### Brief
After finding the line with "Used 2024 Chevrolet", restate it and each remaining line of the material word for word, omitting every picture.

### Data records

----------------

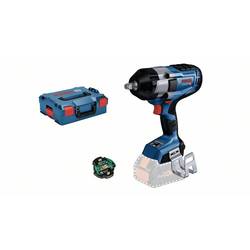 Bosch Professional GDS 18V-1000 C 06019J8001 aku rázový utahovák 1000.0, Lodlamovací moment max. 1600 Nm 18 V Počet přibalených akumulátorů 0 Li-Ion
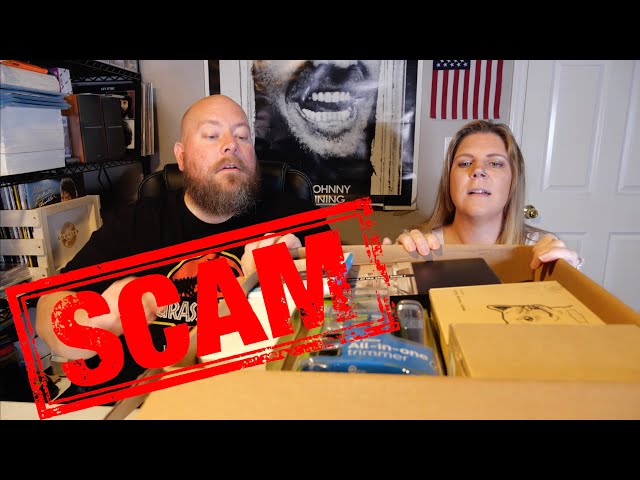 Unboxing $8,000 Designer Mystery Box That Only Cost $1,200 *SCAM?* 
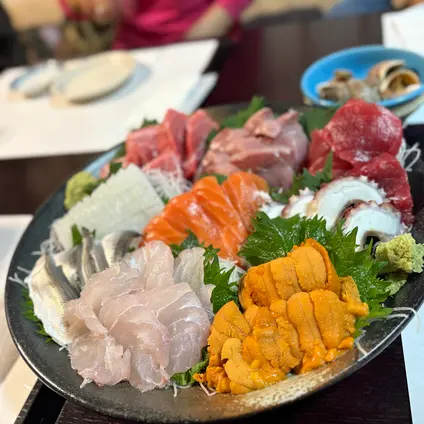 はじめ鮮魚店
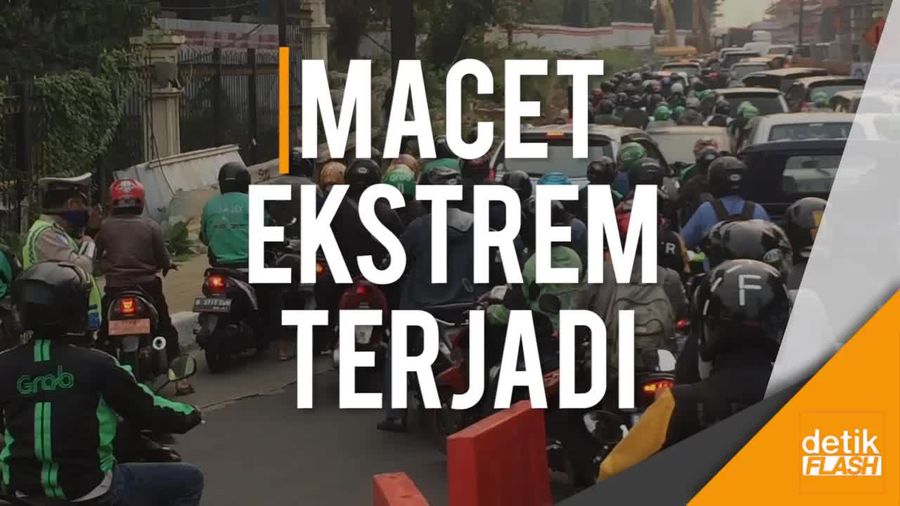 Anies: 10 Proyek Infrastruktur Tak Miliki Kajian Amdal, Repot!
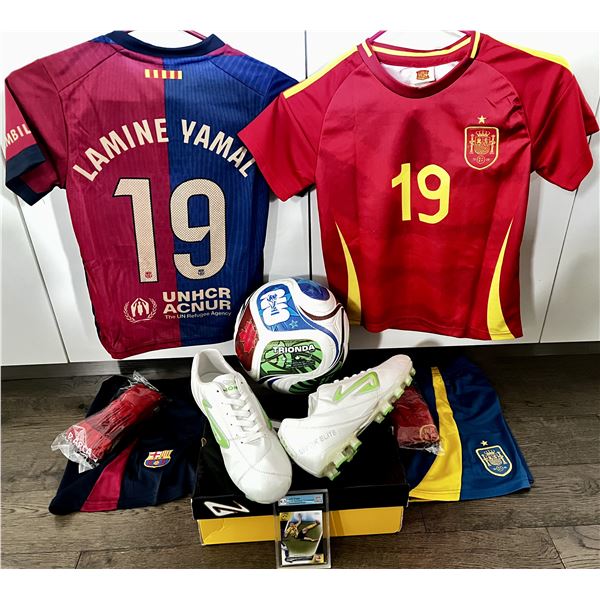 SUPRA SOCCER ACADEMY FUNDRAISER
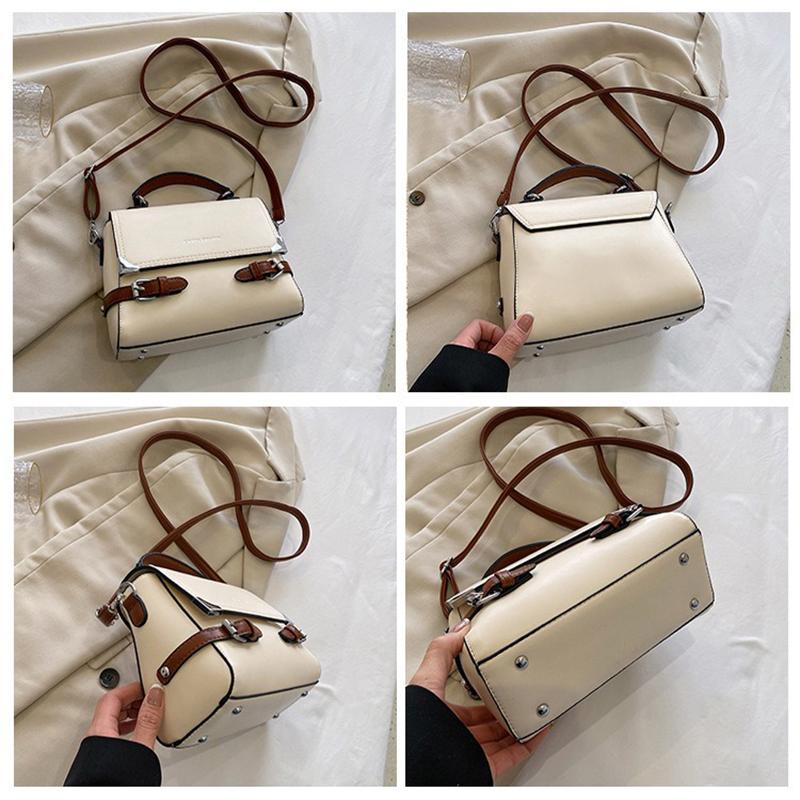Bags for Women 2024 New Fashion Women's Bags Classic Style Versatile Handbags Shoulder Crossbody Bags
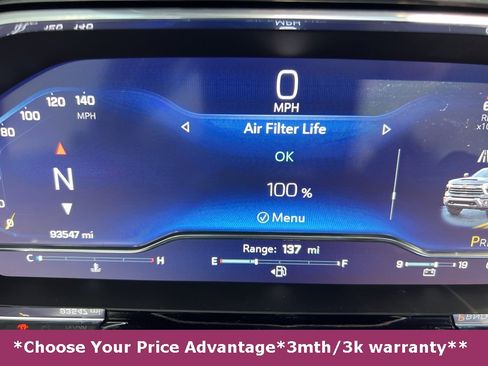 Used 2024 Chevrolet Silverado 2500 LTZ w/ LTZ Plus Package image 66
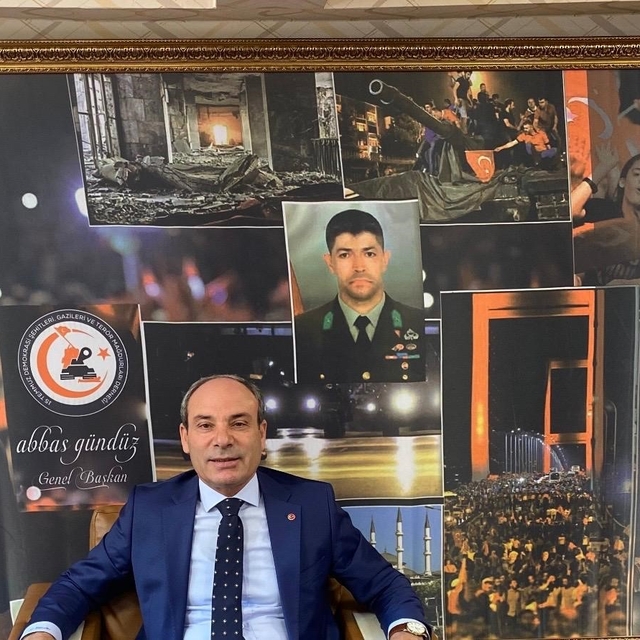 Gündüz: "Kriptocu ve kamuflajlı FETÖ'cülere çok titizlikle dikkat edilmelid...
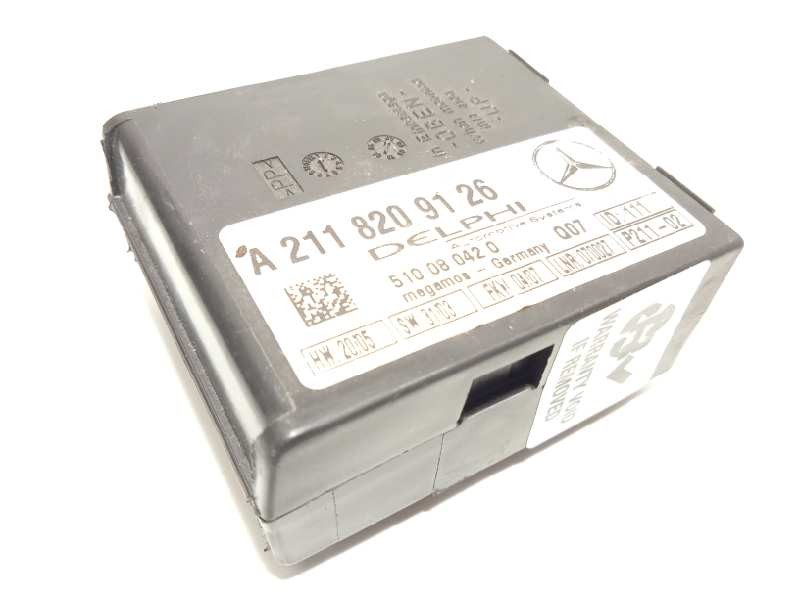 MODULO ELECTRONICO A2118209126 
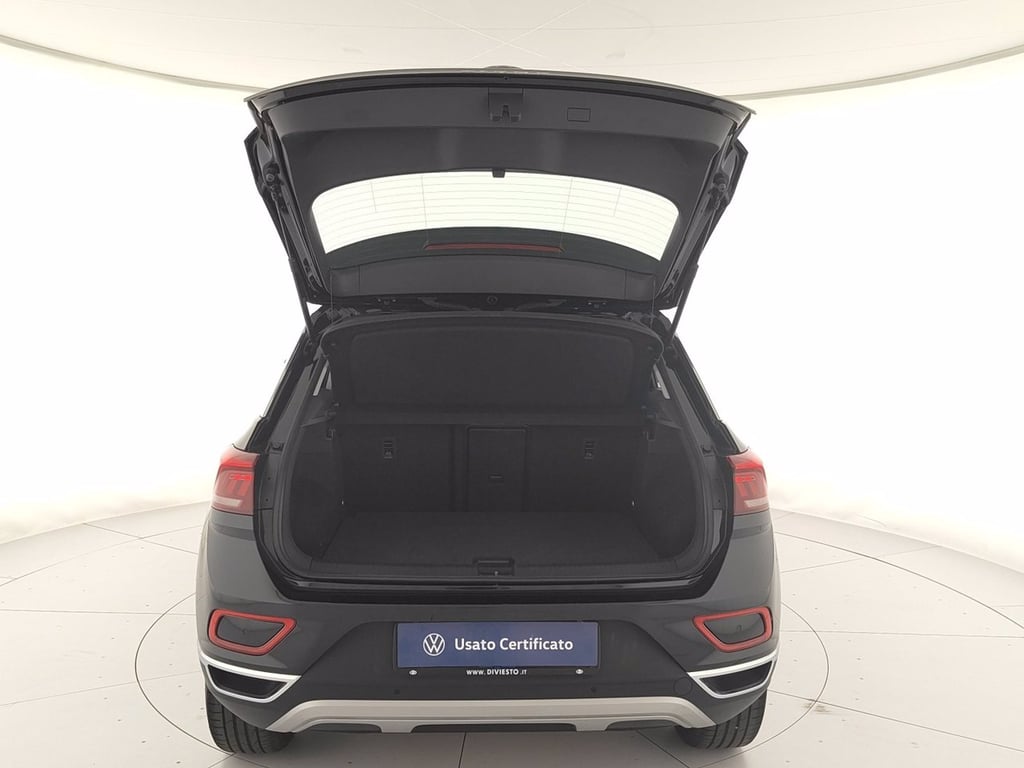 VOLKSWAGEN T-roc 1.5 tsi style dsg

----------------

### Answer for this exercise
 Used 2024 Chevrolet Silverado 2500 LTZ w/ LTZ Plus Package image 66
 Gündüz: "Kriptocu ve kamuflajlı FETÖ'cülere çok titizlikle dikkat edilmelid...
 MODULO ELECTRONICO A2118209126 
 VOLKSWAGEN T-roc 1.5 tsi style dsg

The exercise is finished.